• [Data for processing]
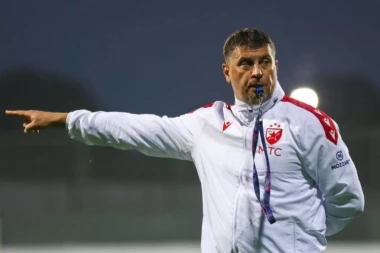 ŠOK ODLUKA VLADANA MILOJEVIĆA: Potpuno je promešao karte - evo u kom sastavu Crvena zvezda izlazi na teren TSC arene!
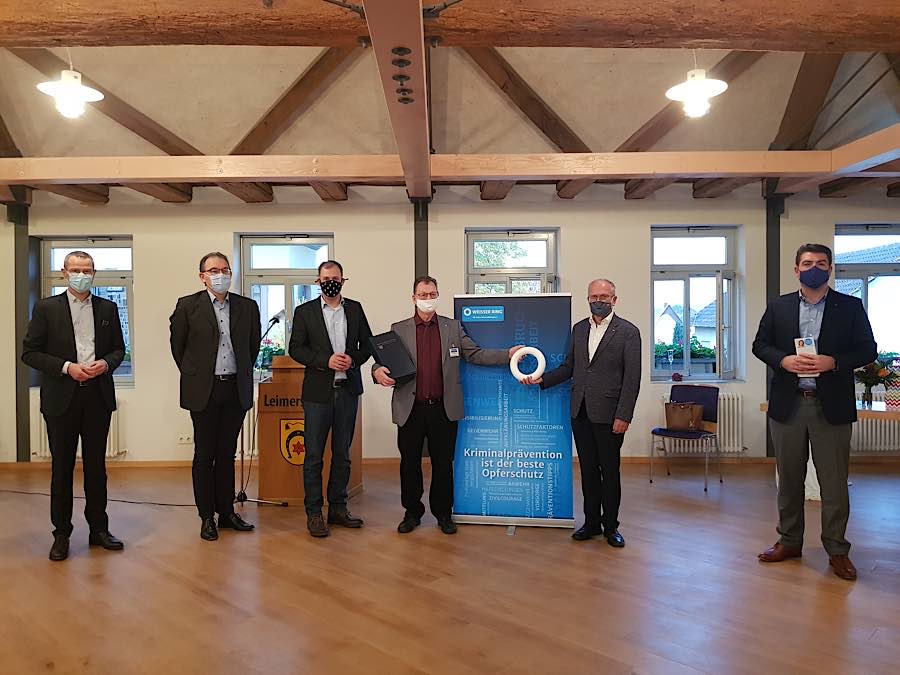 Landaus Bürgermeister Dr. Maximilian Ingenthron, Erster Kreisbeigeordneter des Kreises Südliche Weinstraße Georg Kern, der Landtagsabgeordnete Martin Brandl, der neue Leiter der Außenstelle des WEISSEN RINGS Südpfalz Heinz Pollini, der Landesvorsitzende des WEISSEN RINGS Rheinland-Pfalz Werner Keggenhoff sowie der Bundestagsabgeordnete Thomas Hitschler (v.l.n.r.) bei der Amtseinführung. (Foto: Stadt Landau)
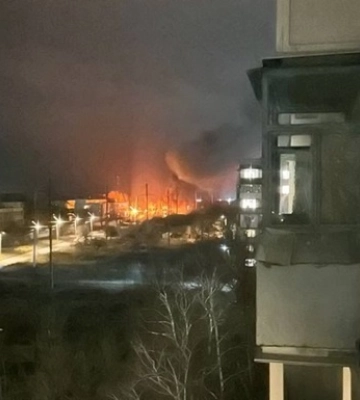 В Бердянске прогремели взрывы и начался пожар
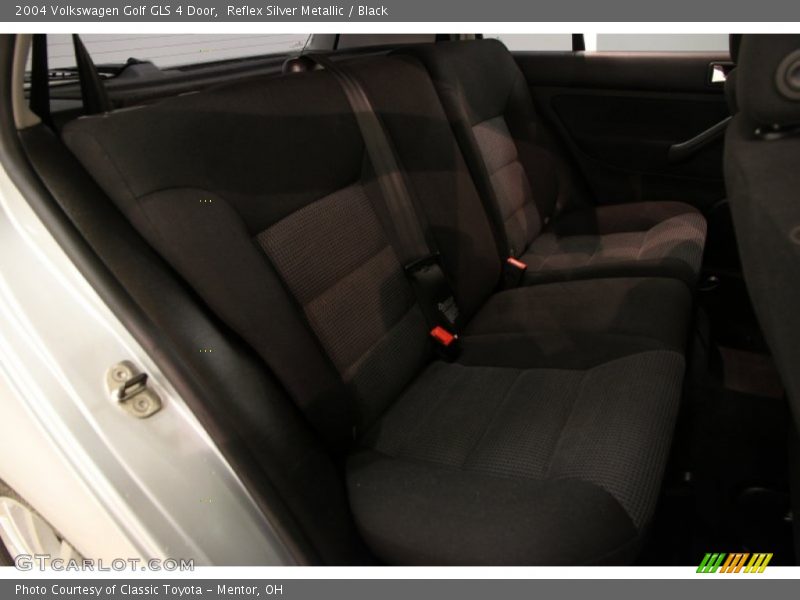 Reflex Silver Metallic / Black 2004 Volkswagen Golf GLS 4 Door
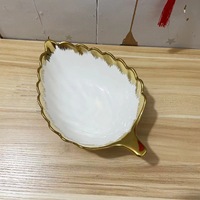 Assiettes à dessert blanches de style nouveau en gros, assiettes en céramique à feuille d'or, assiettes en céramique en forme de feuille pour restaurant et usage familial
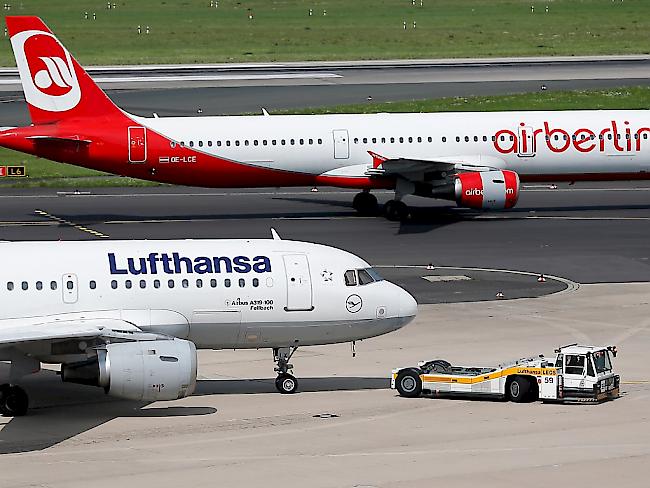 Lufthansa will möglicherweise Teile des insolventen Konkurrenzbetriebs Air Berlin übernehmen. (Archivbild)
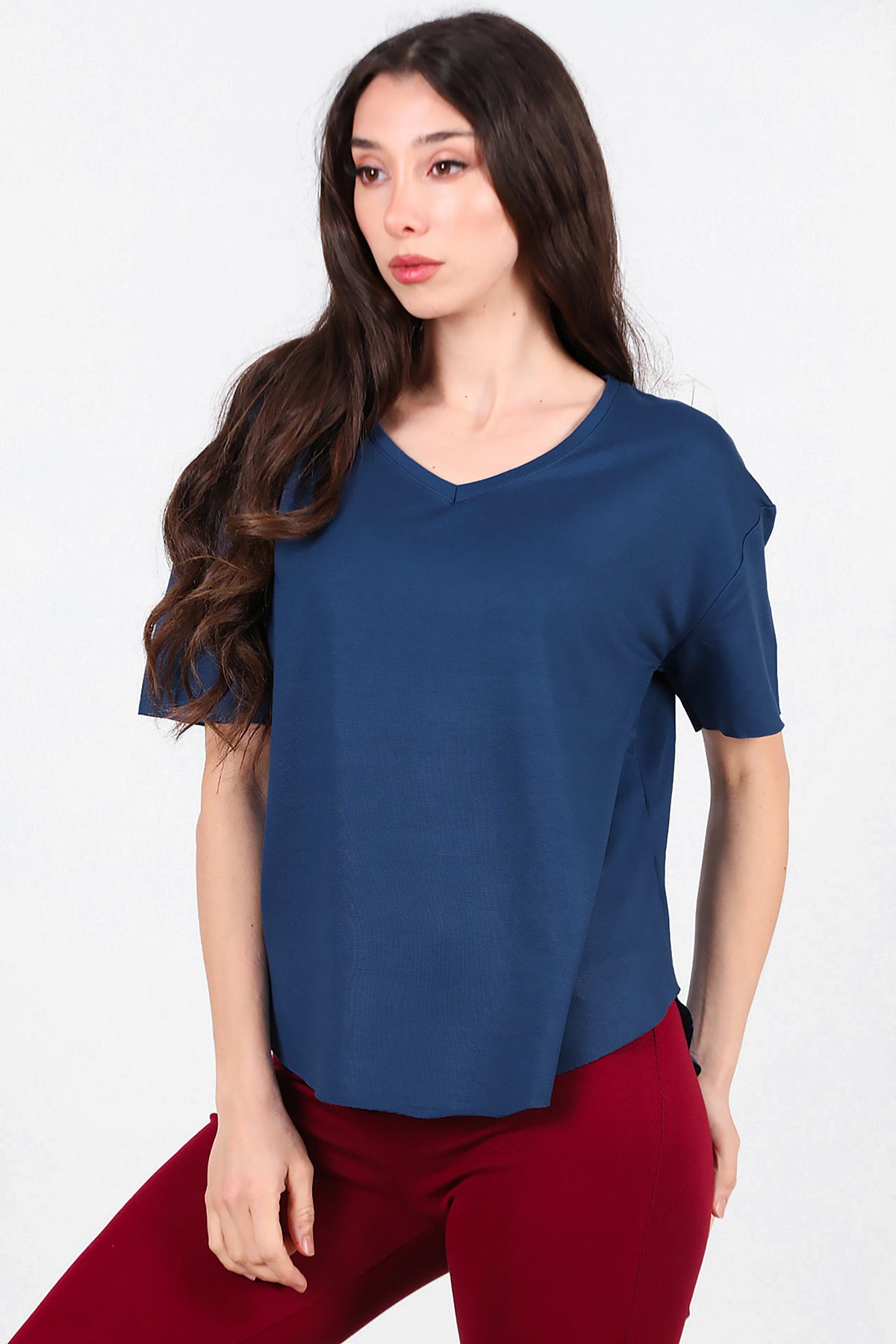 Kadın Eteği Oval V Yaka T-Shirt Lacivert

• [Task description] Each line from the one with "Assiettes à dessert" to the final line of the data above is to be printed exactly; no picture should appear in the copy.

• [Solution for this task]
 Assiettes à dessert blanches de style nouveau en gros, assiettes en céramique à feuille d'or, assiettes en céramique en forme de feuille pour restaurant et usage familial
 Lufthansa will möglicherweise Teile des insolventen Konkurrenzbetriebs Air Berlin übernehmen. (Archivbild)
 Kadın Eteği Oval V Yaka T-Shirt Lacivert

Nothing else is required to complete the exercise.